PURPOSE:To facilitate maintenance and improve reliability by providing permanent magnets on the fixed side and magneto coils in a rotary balancer main body and generating induced currents to the magneto coils by the mutual action between the magneto coils and the magnetic flux of the permanent magnets, thus utilizing this induced current as the power source. CONSTITUTION:Motors 12a, 12b and balance weights 15a, 15b driven by these motors are disposed in a balancer main body 4 fitted at an axis of rotation 2. A light source and permanent magnets 7a-7d are fitted at the supporting part of the axis of rotation, in the opposed position to the balancer main body. Light sensors for controlling the driving of the motors are further fitted in the opposed position to the light source of the main body, and magneto coils are fitted in the main body so as to enable the magnetic flux of the permanent magnets to transverse. The current induced to the magneto coils accompanied by the rotation of the axis of rotation is supplied to the motors and light sensors so as to move the balance weights, and the emission of the light source is stopped in the minimum vibrating position so as to stop the balance weights.

Description

DETAILED DESCRIPTION OF THE INVENTION [Field of Industrial Application] The present invention relates to a dynamic balancer for a rotating body for correcting unbalance during rotation of the rotating body.

[Conventional technology]

For example, it is well known that in grinding work, if the spindle to which the grinding wheel (hereinafter referred to as the grindstone) is attached is well balanced during rotation, the surface roughness of the machined surface can be improved. Therefore, grinding machines must be made rigid so that they do not vibrate not only when the main shaft rotates alone, but also when a grindstone is attached. However, since the grindstone, which is a consumable item for -1G, is not well balanced, the main shaft to which the grindstone is attached generates minute vibrations when rotating.
It is not possible to improve the surface roughness of the machined surface.

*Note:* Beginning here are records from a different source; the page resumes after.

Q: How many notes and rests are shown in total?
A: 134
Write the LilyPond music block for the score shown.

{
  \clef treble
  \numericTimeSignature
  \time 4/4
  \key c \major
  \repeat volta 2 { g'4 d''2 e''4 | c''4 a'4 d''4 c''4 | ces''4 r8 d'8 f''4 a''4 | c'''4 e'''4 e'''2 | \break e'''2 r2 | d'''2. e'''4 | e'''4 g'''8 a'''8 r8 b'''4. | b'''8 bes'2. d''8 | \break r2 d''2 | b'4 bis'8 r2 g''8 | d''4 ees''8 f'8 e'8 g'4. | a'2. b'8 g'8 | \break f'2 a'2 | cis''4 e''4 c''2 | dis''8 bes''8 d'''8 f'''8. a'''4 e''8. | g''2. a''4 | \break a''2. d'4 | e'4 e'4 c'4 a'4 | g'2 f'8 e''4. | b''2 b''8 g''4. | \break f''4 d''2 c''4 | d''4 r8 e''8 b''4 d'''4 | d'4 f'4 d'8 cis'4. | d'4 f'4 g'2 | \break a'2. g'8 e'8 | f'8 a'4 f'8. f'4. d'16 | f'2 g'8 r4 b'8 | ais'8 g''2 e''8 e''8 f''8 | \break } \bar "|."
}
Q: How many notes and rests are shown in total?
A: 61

For this reason, a dynamic balancer that precisely adjusts the balance during rotation of the spindle to which the grindstone is attached was developed in Japanese Patent Laid-Open No. 59-1.
This method has been proposed in Publication No. 55642 and the like.

The above-mentioned known dynamic balancer has two balance weights movably installed inside the flange to which the grinding wheel is attached, and a stepping motor installed inside the flange that is fixed to a slip ring placed around the periphery of the flange and a non-rotating part outside the flange. The balance weights are moved in different radial directions to achieve dynamic balance.

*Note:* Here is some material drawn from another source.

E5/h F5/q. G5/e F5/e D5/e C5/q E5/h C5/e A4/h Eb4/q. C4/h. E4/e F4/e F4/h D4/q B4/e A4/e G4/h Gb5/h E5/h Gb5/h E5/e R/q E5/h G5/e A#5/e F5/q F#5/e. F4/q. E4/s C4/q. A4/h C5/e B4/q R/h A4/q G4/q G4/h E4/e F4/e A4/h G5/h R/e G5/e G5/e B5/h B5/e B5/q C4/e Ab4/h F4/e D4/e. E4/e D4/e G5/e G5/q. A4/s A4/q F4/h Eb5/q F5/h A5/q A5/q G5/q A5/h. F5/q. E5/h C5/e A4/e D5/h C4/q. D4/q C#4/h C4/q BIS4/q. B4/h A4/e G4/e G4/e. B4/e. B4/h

[Problem to be solved by the invention]

The conventional dynamic balancer described above can accurately and efficiently obtain dynamic balance of the main shaft to which the grindstone is attached. However, since the power to drive the stepping motor is supplied via the slip ring and Braun, in order to maintain reliability, it is necessary to check the insulation condition between the slip rings, the wear condition of the slip ring and the brush, etc. There was a problem in that the contact parts had to be frequently maintained and inspected. Another problem is that the positions of the slip ring and the brush must be adjusted in accordance with the width of a member such as a grindstone attached to the rotating shaft.

The purpose of the present invention is to solve the problems in the above-mentioned prior art,
The object of the present invention is to provide a dynamic balancer that is reliable and easy to maintain and inspect.

[Means to solve the problem]

In order to achieve the above object, the present invention provides a dynamic balancer for a rotating body that includes a motor and a balance weight driven by the motor inside a balancer body attached to a rotating shaft, in which the a light source and a plurality of permanent magnets installed in a position facing the balancer body; a light sensor installed in a position facing the light source of the balancer body to control the driving of the motor; The present invention is characterized in that it includes a power generation coil installed so that the magnetic flux crosses the power generation coil, and supply means for supplying the current induced in the power generation coil to the motor and the optical sensor.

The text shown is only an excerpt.